Since 60 percent of voters could be safely counted on to vote yes, only
six percent, or 60 people were needed to achieve two-thirds approval.
"Passing taxes in Bolinas is very tough,"
said Kim Bender, Capital Campaign Director of the project. "Bolinas
is very tax averse. In order to pass a bond, two-thirds of voters had
to approve. There are 1000 registered voters and we had an 85 percent
turnout. If we doubled the tax and just 12 people turned it wouldnt
have passed."
In order to raise the full cost of the firestation
it would have required a parcel tax of $200 a year for 40 years. The
project directors decided that swing voters could not be counted on
to approve a parcel tax of more than $100 per year. So they asked for
$98 on improved parcels and $40 on unimproved parcels. The bond passed
with 78 percent of the vote.
Fire protection and emergency medical care
are core services that a government should provide. It is embarrassing
that services as fundamental as a paramedic ambulance have to go begging
for private donations. The firehouse should have been fully funded by
a tax on those who would benefit from it: the citizens of West Marin.
Then the money that was raised privately could have already fully funded
the non-profit medical clinic. The parcel tax should have been put before
the voters at $200 per year, or $16.66 a month. Many people pay $100
a month for their cell phones or $60 a month for their satellite television,
or $50 a month for Internet service.

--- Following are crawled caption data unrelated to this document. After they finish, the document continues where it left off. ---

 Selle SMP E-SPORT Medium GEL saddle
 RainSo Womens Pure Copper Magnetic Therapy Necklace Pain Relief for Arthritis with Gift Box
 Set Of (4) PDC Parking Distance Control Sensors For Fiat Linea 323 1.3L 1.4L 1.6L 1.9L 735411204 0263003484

They can certainly pay $16.66 for
their firestation and ambulance.
As of this date, private donors have given $650,000;
the Marin Community Foundation has given $600,000; the Tides Foundation
$200,000; other foundations gave $70,000; Marin County has contributed
$300,000; and other government grants have totaled $110,000. An additional
bond from the Bolinas Fire Protection District contributed $500,000.

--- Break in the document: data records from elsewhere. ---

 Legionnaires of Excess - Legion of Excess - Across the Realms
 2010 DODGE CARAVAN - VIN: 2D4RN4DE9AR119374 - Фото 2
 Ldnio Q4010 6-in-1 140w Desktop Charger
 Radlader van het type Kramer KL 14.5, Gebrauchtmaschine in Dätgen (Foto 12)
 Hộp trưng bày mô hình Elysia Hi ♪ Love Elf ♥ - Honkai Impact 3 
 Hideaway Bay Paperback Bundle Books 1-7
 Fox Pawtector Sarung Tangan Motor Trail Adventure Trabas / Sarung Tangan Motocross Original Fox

This, along with other grants and contributions has raised a total of
$4,412,500. But the project still needs more than a million dollars.
If private donors come forward with $600,000 it is hoped that the California
Health Facilities Administration will contribute $250,000 and other
foundations an additional $200,000.
This means that the project still needs about $3,000
from each family in Bolinas. Since many in Bolinas are unable to give
$3,000, the more fortunate will have to give progressively. The project
managers are asking for, "stretch gifts," of $5,000 from the
moderately well off and much more from the rich.
"We need some of the substantial fortunes to
come forward," Bunnett said.
It is unfortunate that families will have to
write checks for $3,000 and up instead of paying an additional $8 a
month. But that is where we stand and that is what is required. Since
we are poorly adapted to foreseeable but in-imminent dangers, let me
offer some help.
Imagine that you have just left a concert at the Bolinas
Community Center and are walking arm in arm with your husband down Wharf
Road, when he clutches his chest and falls to the ground. You call for
an ambulance. And then wait, your husband in your arms, until an EMT
shows up and tells you that he cant administer the drugs your
husband will need to live. He tells you that the paramedic ambulance
in Point Reyes Station is on its way. You wait. The seconds seem like
minutes, the minutes seem like hours. Five, ten, fifteen minutes go
by, and then, before the ambulance can arrive, your spouse dies in your
arms, looking up at you for the help that only a paramedic can provide.
Now, while you are still pumping adrenaline and the
prospect of death feels present, go to your checkbook and stretch.